RECORDS SUPPLIED section start

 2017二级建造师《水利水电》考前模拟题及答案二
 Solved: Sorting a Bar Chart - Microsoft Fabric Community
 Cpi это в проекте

RECORDS SUPPLIED section end
RECORDS SUPPLIED section start

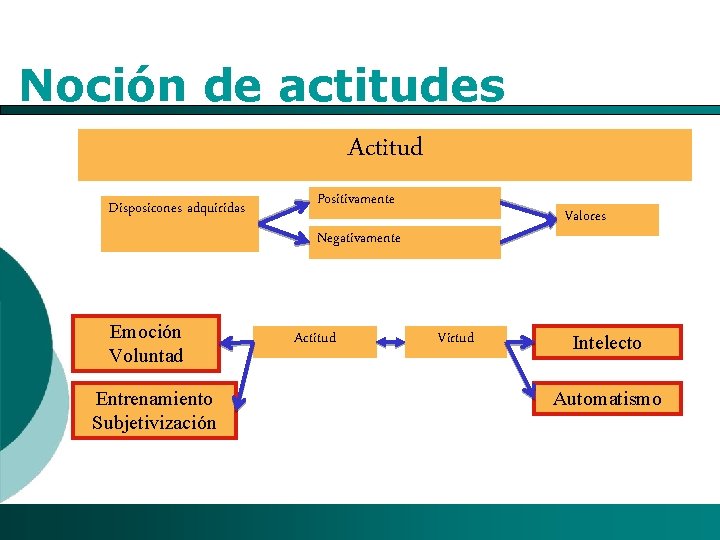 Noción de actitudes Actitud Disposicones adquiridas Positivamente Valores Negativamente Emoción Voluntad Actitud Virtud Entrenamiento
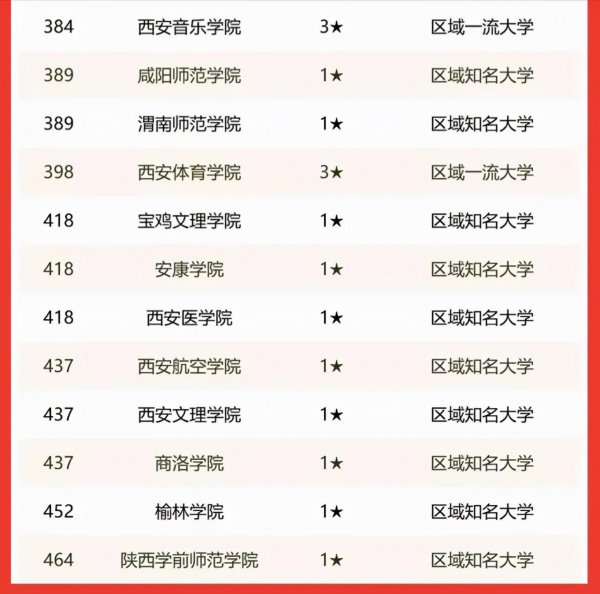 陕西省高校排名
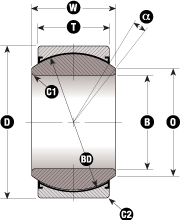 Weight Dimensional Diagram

RECORDS SUPPLIED section end

**ACTIVITY**
Return the span of lines in the data above that opens at the line with "Solved: Sorting a" and closes at the line with "Cpi это в проекте", exactly, ends included, nothing else.

**WRITTEN SOLUTION**
 Solved: Sorting a Bar Chart - Microsoft Fabric Community
 Cpi это в проекте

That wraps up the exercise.